= UK Open Government National Action Plan 2016–18 =

The UK Open Government National Action Plan 2016–18 (NAP) is the plan setting out the UK government's commitments on transparency, anti-corruption and open government which was announced by Matt Hancock, MP, Minister for the Cabinet Office and Paymaster General on 12 May 2016 at the London Anti-Corruption Summit.
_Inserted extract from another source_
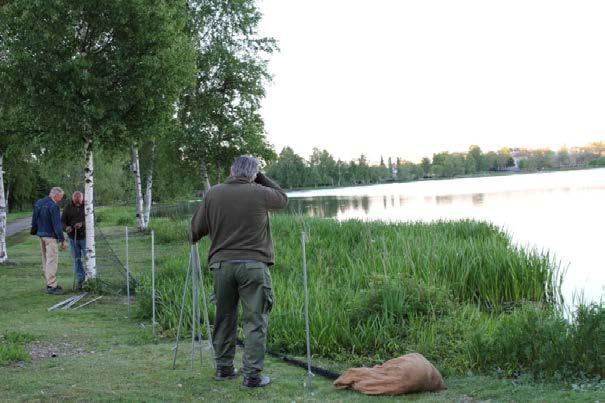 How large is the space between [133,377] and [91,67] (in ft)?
27.9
The plan makes 13 commitments:
- Commitment 1: Beneficial ownership
- Commitment 2: Natural resource transparency
- Commitment 3: Anti-Corruption Strategy
- Commitment 4: Anti-Corruption Innovation Hub
- Commitment 5: Open contracting
- Commitment 6: Grants data
- Commitment 7: Elections data
- Commitment 8: Enhanced transparency requirements and revised Freedom of Information Act Code of Practice
- Commitment 9: Identifying and publishing core data assets
- Commitment 10: Involving data users in shaping the future of open data
- Commitment 11: Better use of data assets
- Commitment 12: GOV.UK
- Commitment 13: Ongoing collaborative approach to open government reform

For each commitment, the government has stated an ambition, a lead implementing organization and a timeline.

All countries participating in the Open Government Partnership are expected to co-create a National Action Plan with their civil society organisations. Open Government Partnership guidance states that "action plans should cover a two-year period and consist of a set of commitments that advance transparency, accountability, participation and/or technological innovation".

Following the summit, another nine countries, including Mexico, agreed to apply the Open Contracting Data Standard (OCDS) to specific major projects. The UK will also lead on plans to create a new Anti-Corruption Innovation Hub with Mexico, France, Ghana, Georgia, Switzerland, Afghanistan, UAE, Indonesia and Norway.